You're completely romanticizing the history of unionization. Workers didn't really organize themselves -- they were organized by union leaders who sough their own forms of power. And still it's all about power and hierarchies -- witness the split of the AFL-CIO.
Your eschewing of hierarchies is ideologically quaint but utterly impractical and will more likely lead to nonsensical free-for-alls ("wisdom" of th mob) like "non-threaded, non-siloed discussion non-forums"
Posted by: Scott Karp | February 28, 2006 at 07:39 AM
Hey Scott, Thanks for the comments. Well, we're both invoking the formation of unions in a way that isn't quite historical. Sure, there was abuse by the bosses, and I've got a problem with that, but without the internal motivation by the masses, it wouldn't have happened. Unions 1.0: power corrupted because information was power, and the union bosses had it (new boss same as the old boss).
Unions 2.0: No dues structure, and the rally point will be ever-changing.

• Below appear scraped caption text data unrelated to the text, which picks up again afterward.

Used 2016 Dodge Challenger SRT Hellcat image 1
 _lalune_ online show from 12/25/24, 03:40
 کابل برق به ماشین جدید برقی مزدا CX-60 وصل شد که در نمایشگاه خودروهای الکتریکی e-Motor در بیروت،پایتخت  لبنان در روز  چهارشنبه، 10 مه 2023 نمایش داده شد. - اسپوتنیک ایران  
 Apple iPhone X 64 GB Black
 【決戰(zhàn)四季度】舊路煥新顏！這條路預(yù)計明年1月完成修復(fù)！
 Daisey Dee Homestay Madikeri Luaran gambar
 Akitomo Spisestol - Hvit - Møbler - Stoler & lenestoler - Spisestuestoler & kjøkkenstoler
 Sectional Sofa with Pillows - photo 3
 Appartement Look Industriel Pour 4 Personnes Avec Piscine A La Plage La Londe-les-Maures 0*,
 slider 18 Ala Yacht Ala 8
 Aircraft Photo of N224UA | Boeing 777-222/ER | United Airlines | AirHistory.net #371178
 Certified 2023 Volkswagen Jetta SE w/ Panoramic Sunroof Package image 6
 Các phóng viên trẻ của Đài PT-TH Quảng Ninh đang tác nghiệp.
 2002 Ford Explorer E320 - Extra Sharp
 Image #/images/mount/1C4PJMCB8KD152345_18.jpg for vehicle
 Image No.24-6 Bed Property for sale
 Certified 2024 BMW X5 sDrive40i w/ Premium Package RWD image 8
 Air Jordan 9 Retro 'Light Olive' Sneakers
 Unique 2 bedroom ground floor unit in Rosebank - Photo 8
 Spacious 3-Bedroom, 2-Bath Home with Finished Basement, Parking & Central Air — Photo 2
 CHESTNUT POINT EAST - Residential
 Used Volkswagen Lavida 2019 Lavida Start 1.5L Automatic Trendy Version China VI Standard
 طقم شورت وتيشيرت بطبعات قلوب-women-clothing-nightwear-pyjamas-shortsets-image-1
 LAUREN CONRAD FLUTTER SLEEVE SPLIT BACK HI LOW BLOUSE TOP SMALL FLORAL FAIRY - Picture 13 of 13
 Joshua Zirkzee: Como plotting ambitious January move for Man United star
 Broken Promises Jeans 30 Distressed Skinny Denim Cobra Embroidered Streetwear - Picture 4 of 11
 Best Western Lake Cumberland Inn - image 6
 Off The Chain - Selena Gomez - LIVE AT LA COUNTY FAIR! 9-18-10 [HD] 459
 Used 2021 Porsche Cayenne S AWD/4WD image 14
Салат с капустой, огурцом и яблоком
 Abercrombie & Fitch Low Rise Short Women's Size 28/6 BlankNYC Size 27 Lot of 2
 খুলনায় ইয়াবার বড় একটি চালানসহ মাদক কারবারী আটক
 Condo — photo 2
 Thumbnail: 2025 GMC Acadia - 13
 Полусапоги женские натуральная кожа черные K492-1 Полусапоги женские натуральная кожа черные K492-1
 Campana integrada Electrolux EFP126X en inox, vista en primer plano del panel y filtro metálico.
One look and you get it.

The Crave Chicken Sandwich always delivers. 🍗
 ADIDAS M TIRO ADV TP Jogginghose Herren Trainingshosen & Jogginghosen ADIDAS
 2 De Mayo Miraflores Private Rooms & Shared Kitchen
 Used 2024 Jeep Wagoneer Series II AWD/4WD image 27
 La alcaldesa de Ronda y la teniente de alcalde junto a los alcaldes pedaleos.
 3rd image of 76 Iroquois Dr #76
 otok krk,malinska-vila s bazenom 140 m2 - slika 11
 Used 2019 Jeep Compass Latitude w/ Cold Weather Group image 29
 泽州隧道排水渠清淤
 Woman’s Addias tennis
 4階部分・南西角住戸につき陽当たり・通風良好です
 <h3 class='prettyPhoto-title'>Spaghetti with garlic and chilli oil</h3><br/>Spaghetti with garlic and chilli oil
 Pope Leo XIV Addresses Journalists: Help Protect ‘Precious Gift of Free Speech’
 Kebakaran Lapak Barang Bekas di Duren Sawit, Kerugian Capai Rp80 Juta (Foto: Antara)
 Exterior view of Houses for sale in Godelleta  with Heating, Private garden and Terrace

I don't eschew hierarchy; I agree with you that it is important and essential. It's just that I see that it isn't absolute. Hierarchy is relative to some domain, and the more people that people become comfortable with multiple streams of data, the less single sites per domain will serve their needs. We now have the tools to collectively weave a different story every day. You've just done it. I'm just doing it. The avalanche has started. Pretty soon, I predict, grandma will be surfing these chaotic slopes with us.
But I could be wrong.
Posted by: David | February 28, 2006 at 07:57 AM
I find Scott's remarks somewhat disingenuous: on that score nobody ever organized themselves, because there will always be someone making propositions; someone is always going to be 'first'. Of interest is the type of hierarchies: are they flexible, voluntary, based on merit. Or does it institutionalize itself, using authoritarian measures to protect and fixate itself. The early history of unionization was a fight by the disenfranchised against enormous odds, with flexible and voluntary hierarchies that gradually institutionalized themselves. Of interest is if we can find neo-institutional practices that are based on voluntary flexible, and today we should add: "distributed", hierarchies, who can be prevented from detaching themselves from their base through new kinds of techno-social practices, democratic protocals and designs embedded in the software that we are using; and through algorithms as they are used today on the web. While the present algorithms are successfull in drawing out majority opinion in the wisdom of crowds, it is still very crude and tends to reinforce feecback loops of early popularity. In voluntary peer production, as has been explained by Steve Webber in his book The Success of Open Source, we have mostly no wage dependency and so leadership can only be voluntary, and as he outlines is either based on historical intitiative (who created the project in the first place, has a privileged position) and present competency.